她也知道,當年的事情已經成了師兄的心魔,當年一個紫金洞的新秀弟子,同輩中的俊杰,一下被人打的跌落云端,為此不惜進入禁地閉關十年,更豁出了性命去修煉《天火無極術》,為了什么可想而知,十年夙愿就是為了能再和牛有道打上一場。
牛有道冷笑道:“挑戰?昆林樹,不是我擺架子看不起你,但道理擺在這,你憑什么挑戰我?”
昆林樹抬眼道:“難道牛長老怕了我么?”他竟然使出了激將法。
“放肆!”錢復成和嚴立幾乎是異口同聲怒喝。
牛有道抬手示意,阻止了兩人過問,覺得對方挺有意思,饒有興趣道:“昆林樹,我想問問你,我若是不接受你的挑戰,不跟你打,你想怎樣?”
這話真的問倒了昆林樹,他不知該如何回答,強行動手逼牛有道動手?牛有道不想動手的話,他逼也沒用,紫金洞有的是人收拾他,還真輪不到牛有道來動手。
可若說牛有道不答應,他就能放棄的話,他又說不出口,這么多年的夙愿,這是支撐他在枯寂中苦熬十年的唯一信念吶,沒經歷過那種漫長枯寂的人是無法想象其中滋味的。
見他說不出來,牛有道呵呵道:“好,我不為難你,我只問你一句,我憑什么接受你的挑戰?只要你能給我一個滿意的答復,我可以考慮。”
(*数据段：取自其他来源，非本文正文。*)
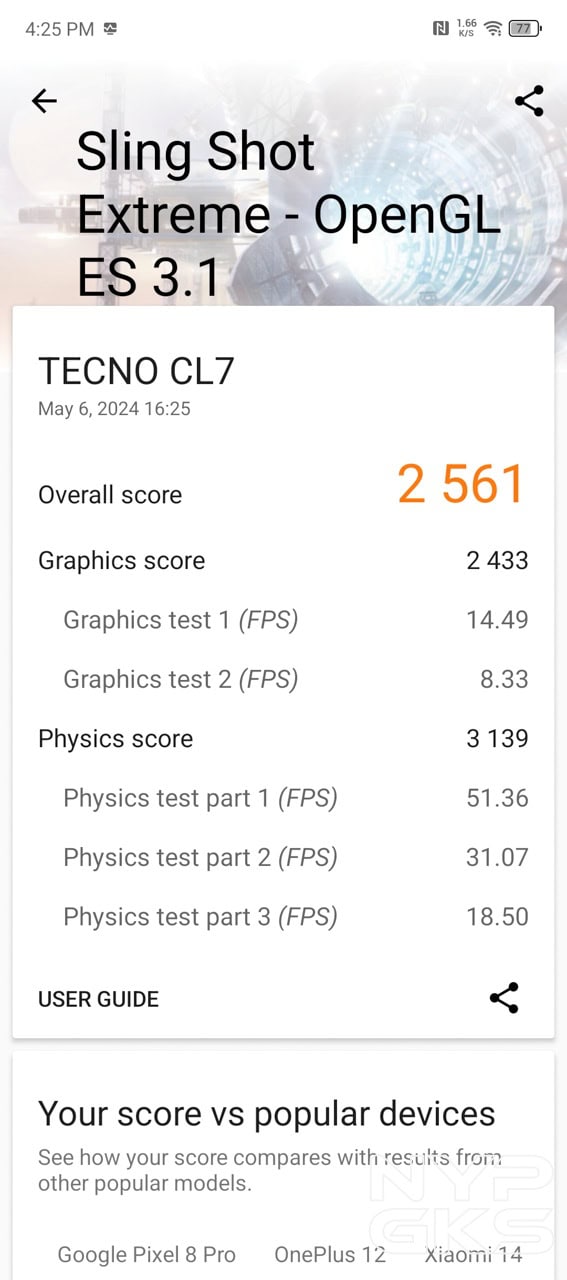 TECNO-CAMON-30-5G-3DMark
昆林樹猛抬頭,眼睛放亮光,似乎看到了希望,可是嘴巴張了又張,依然找不出理由來,牛有道憑什么接受他的挑戰?憑什么?他不知道,是能給人家權勢地位還是能給什么?牛有道要的,他一樣都給不了。
牛有道雙手都放在了身前的劍柄上,十指慢慢撣動著,慢慢等對方的答復,似乎一點都不急。
管芳儀冷眼斜睨昆林樹,暗罵傻子,亦暗暗搖頭,她把昆林樹從頭看到腳,也沒看出這位哪一點能過道爺的手,就這勁頭,哪能過道爺的手,別被道爺玩死才好!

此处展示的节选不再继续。